Derby Road Alfreton Derbyshire DE55 7AQ

Alfreton Watchorn Memorial Primitive Methodist chapel
Keith Guyler 1997
Church with new building replacing school to the side
Christopher Hill 2015
Watchorn manse, next to the church
Christopher Hill 2015
Foundation tablet
Christopher Hill 2015
Foundation tablet; Mr Watchorn
Christopher Hill 2015
Watchorn church in 2015
Christopher Hill 2015

The first Alfreton Primitive Methodist chapel was opened in 1851 and closed in 1928.  White’s Directory of 1857 entry for Alfreton records that “the General Baptists had a chapel here … which for the last six years has been occupied by the Primitive Methodists”. It was said to be situated on Nesbit Road.  Nesbit Road does not exist now: possibly it was an earlier name for Derby Road, as that is where Old Maps of 1880 show the Primitive Methodist Chapel to be.
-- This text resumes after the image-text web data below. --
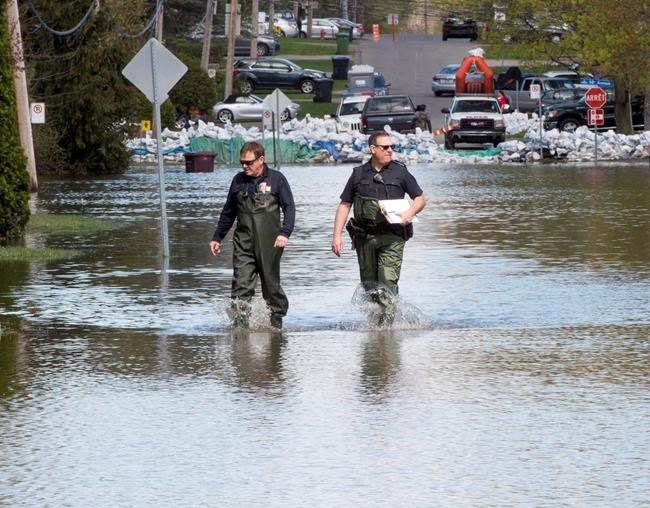 Quebec floods: situation stabilizing but water levels slow to drop | iNFOnews.ca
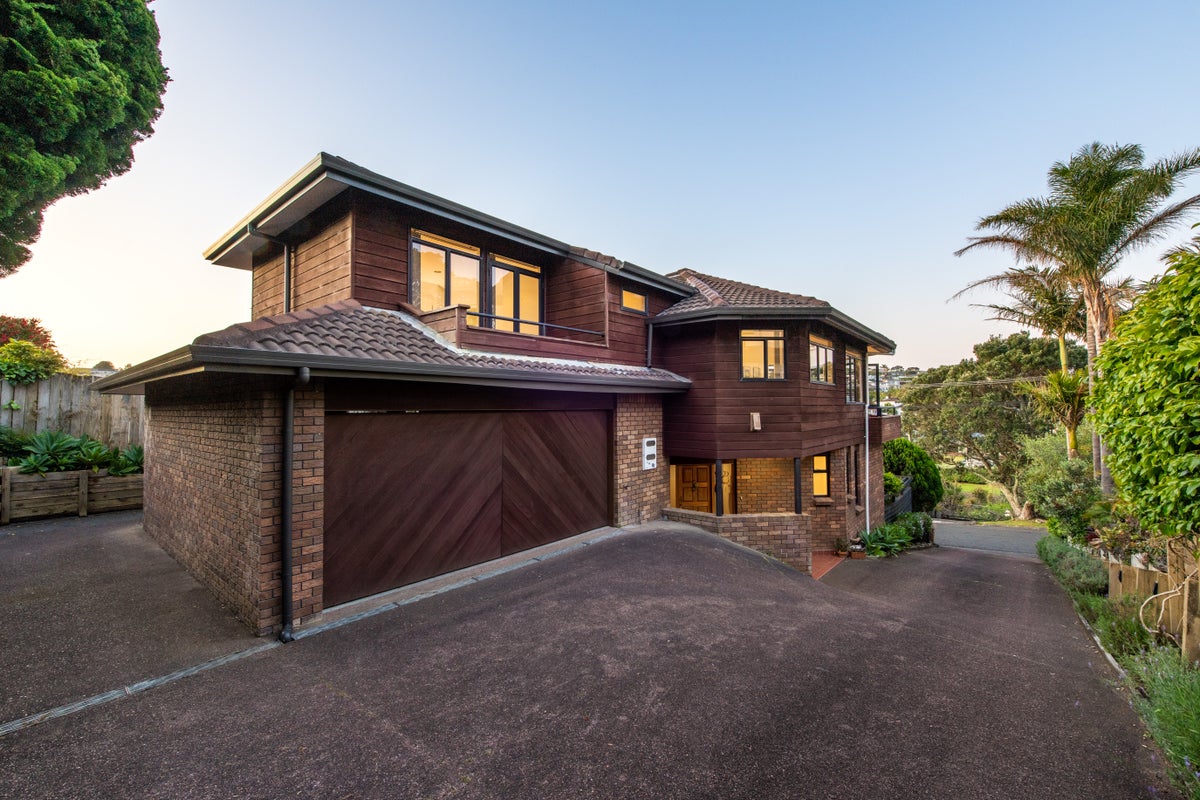 1/30 Prospect Terrace, Milford, Auckland - Carousel 1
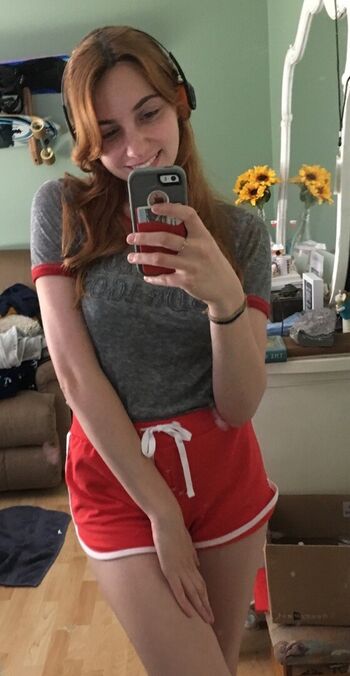 Groovygeologist/Cate Larsen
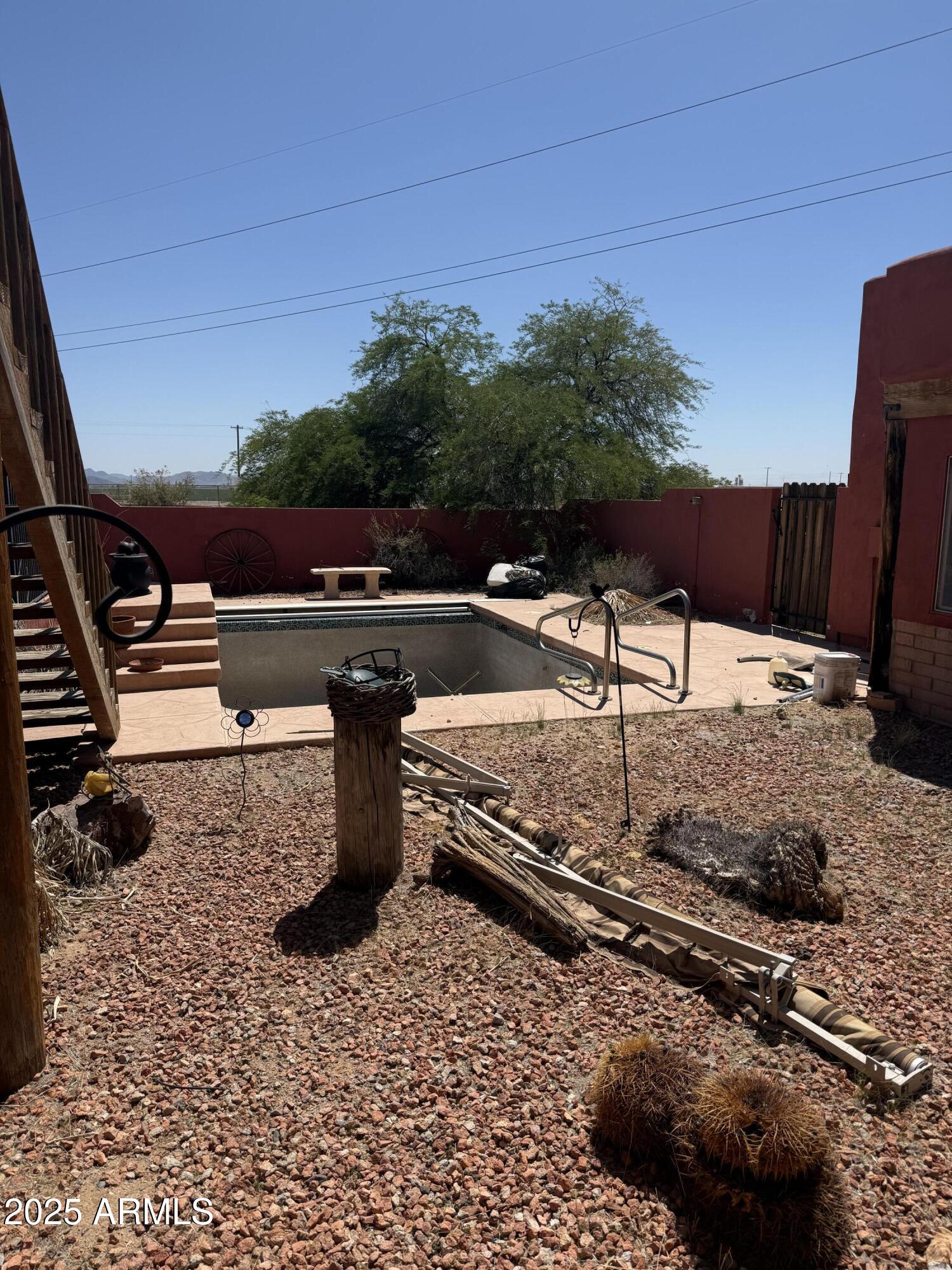 25449 W PUEBLO Avenue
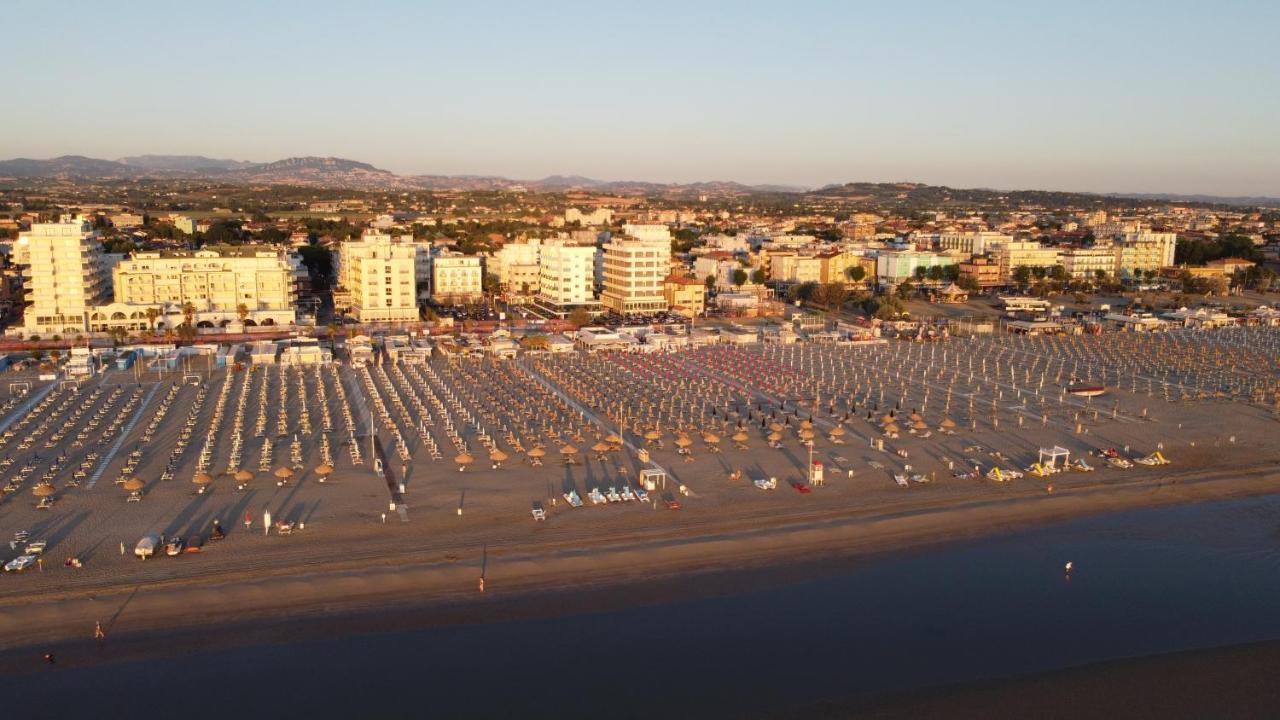 Eurhotel Rimini Esterno foto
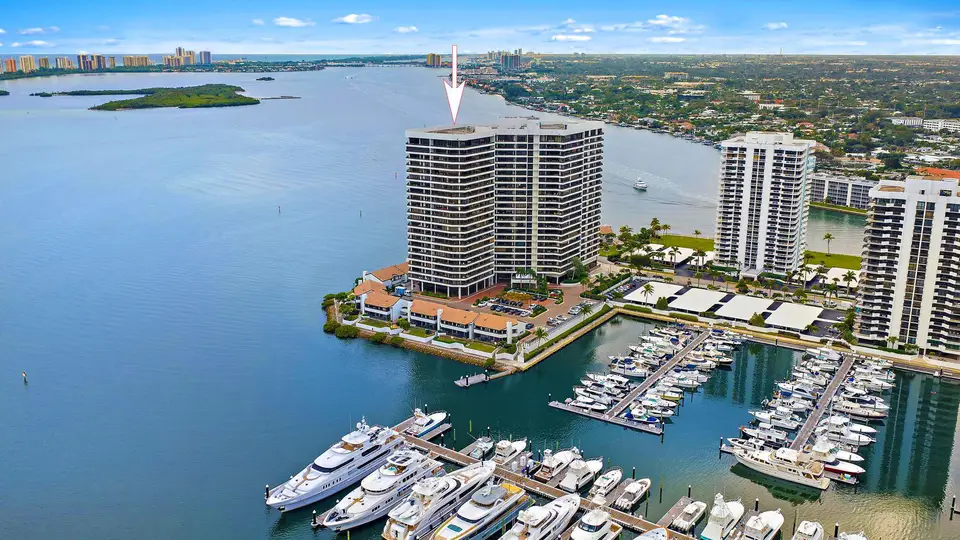 100 Lakeshore Drive 251, North Palm Beach, FL 33408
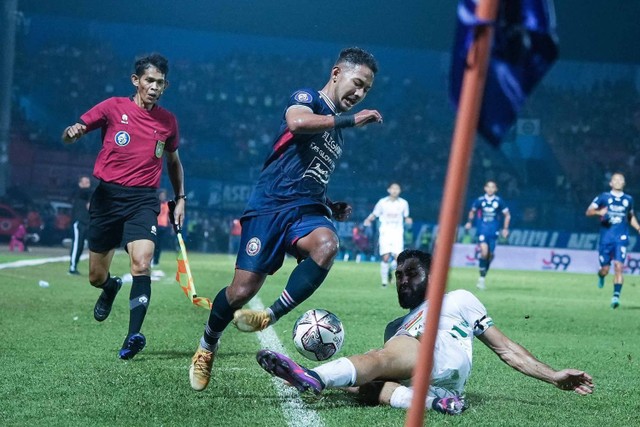 Pertandingan Liga 1 antara Arema FC melawan PSS Sleman, Jumat (5/8/2022). Foto: Instagram.com/aremafcofficial/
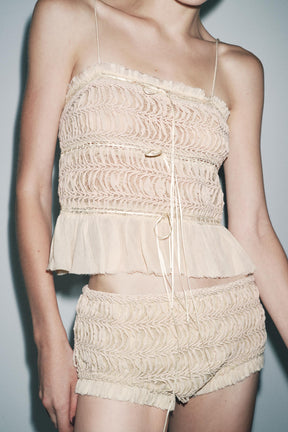 Modisches Oberteil mit Struktur und Kontrast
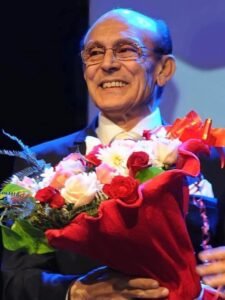 محمد صبحي ورسالة الورد تثير تفاعل الجمهور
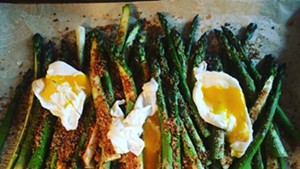 Asparagus with poached eggs and breadcrumbs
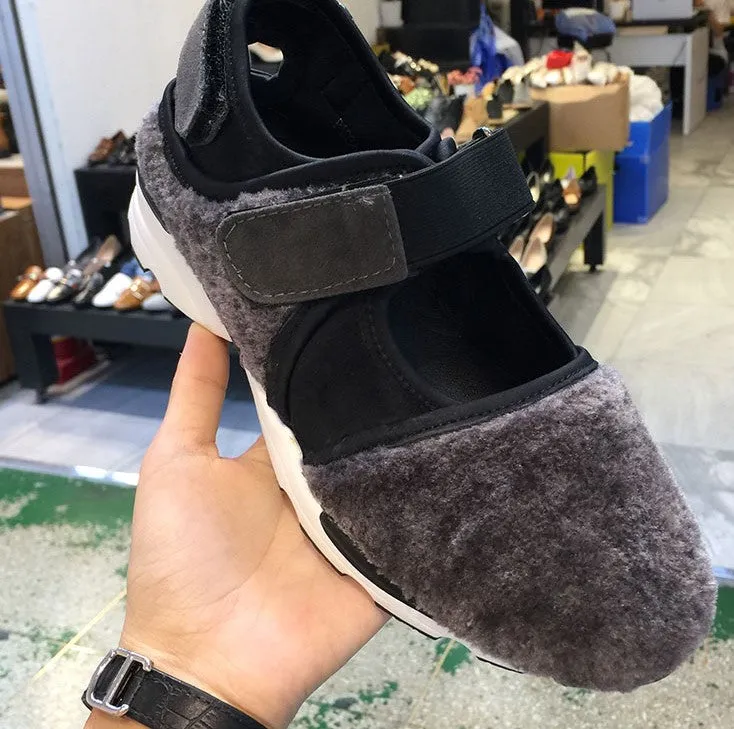 LUXE SEVEN DESIGN FAUX FUR LINED CHUNKY SOLE TRAINER SANDALS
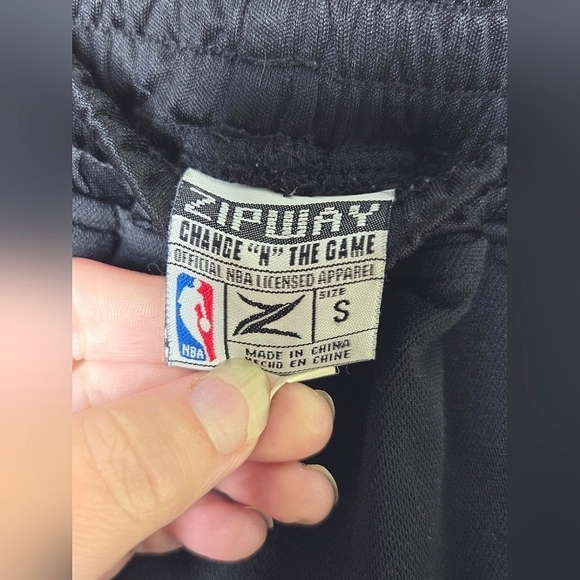 Boys Y2K NBA Zipway Chicago Bulls Basketball Shorts, Size Small - Picture 5 of 6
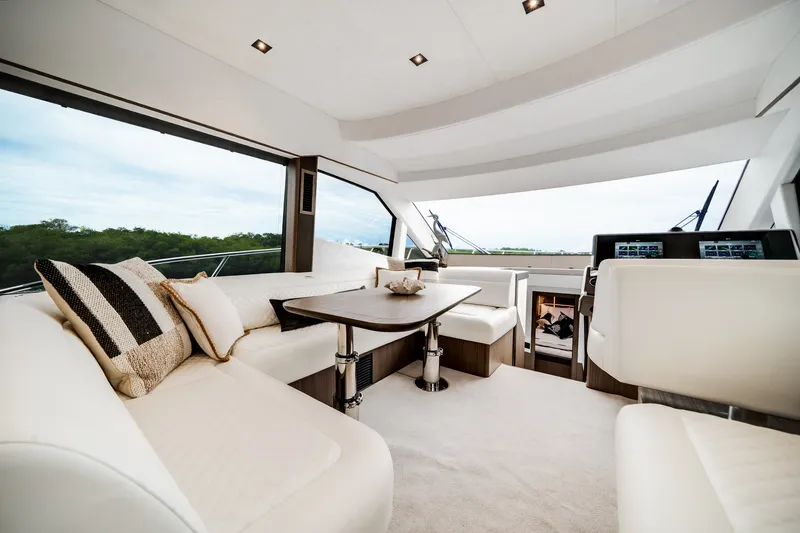 Slide: The Image of Galeon 500 FLY 2025 - 9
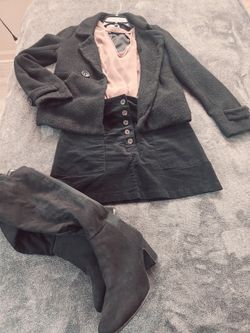 Botas,Blusa,Falda,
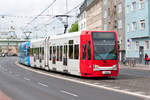 Die Linie 7 mit der Wagennummer 4043 auf dem Weg nach Zündorf.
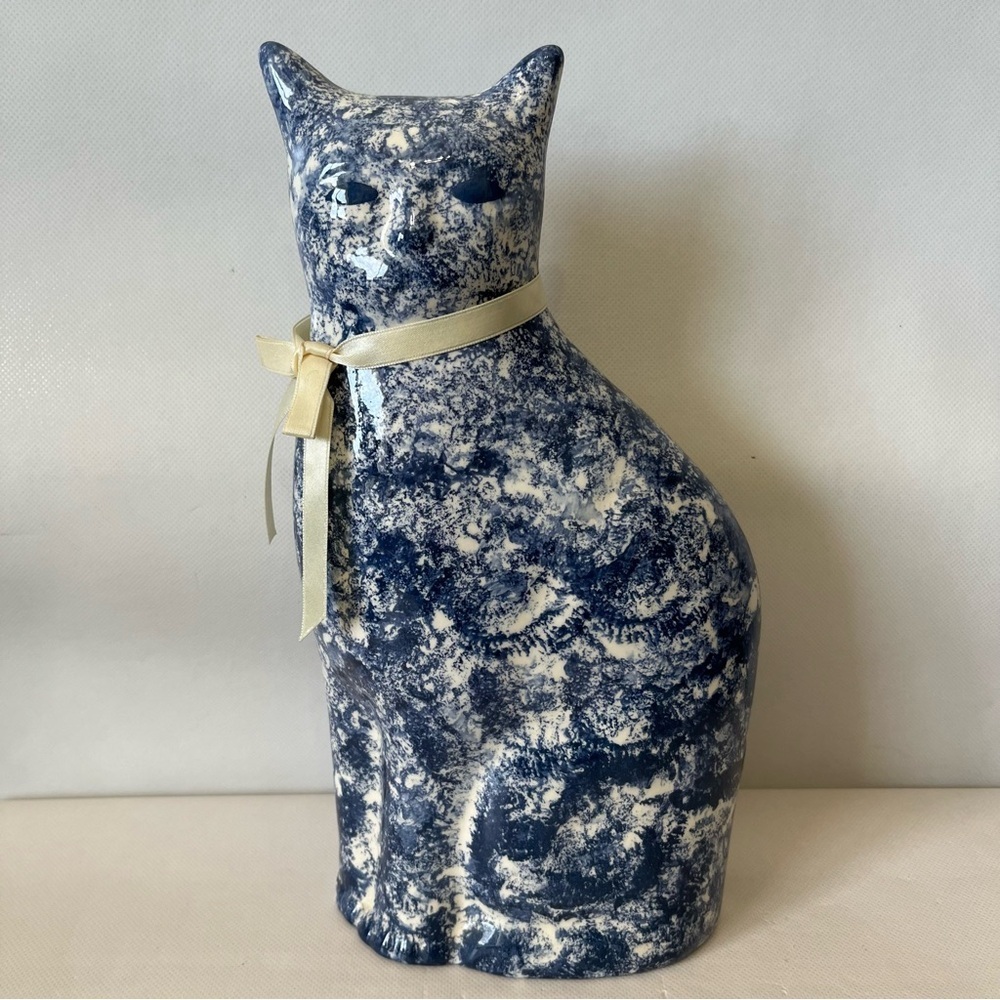 Vintage Ceramic Blue White Cat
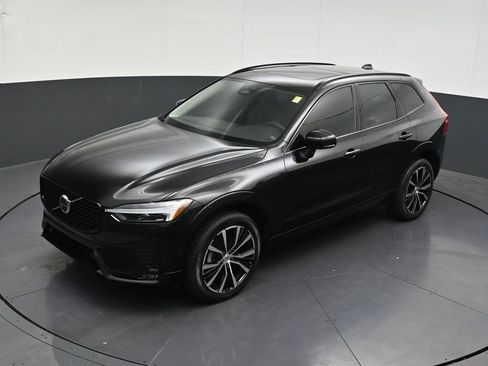 Certified 2024 Volvo XC60 B5 Plus w/ Protection Package Premier AWD/4WD image 19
Alfreton’s Watchorn Methodist Church is part of the Watchorn Estate, built by local benefactor Robert Watchorn (1858-1944) in memory of his mother, his son Ewart and Abraham Lincoln, whom he considered the greatest man ever born. The Church was built 1927-9 – there is much more information about the whole development and about Watchorn himself on the English Heritage Pastscape website.  His story takes him from a cottage on the site where the church was later built and working in Shirland pit to America where he became Secretary of the National Miners Union of America, with a gold medal for his bravery during one mining disaster. He was instrumental in passing the Factory Act, which prohibited children under 14 years of age from working 12 hour shifts in the factories.  In 1905 President Roosevelt appointed him Commissioner of Immigration on Ellis Island, New York. By 1916 he was President of his own Watchorn Gas and Oil Company in Oklahoma City, which gave him the wealth to endow various churches, colleges and libraries – including in his home town of Alfreton.

The “Watchorn Complex” was finally completed in 1939 – a church and manse with school, houses, library, Garden of Rest and a children’s Pleasure Park.

The Church, Sunday School and houses were built on the east side of the Derby Road and the Alma Watchorn Memorial Park on the west, although there have been changes as a result of road works. The Sunday School was demolished in 2011.

Media archive for Central England contains reference to a home film of 1939  showing several patrons of the Watchorn Memorial Primitive Methodist Church, Alfreton standing in the grounds of the church and walking around the Alma Watchorn Park.

A brand new church was opened in 2012 on the site of the former Sunday School, next to the main church.


Reference

English Heritage Pastscape website accessed January 25th 2015

Comments about this page

  • This chapel is now (2022) an independent chapel, having left the Methodist Connexion.

    By David Leese (03/02/2022)
  • The chapel was built in memory of RB’s Irish, Roman Catholic mother. 

    The architects were F.S. Antliff & Sons.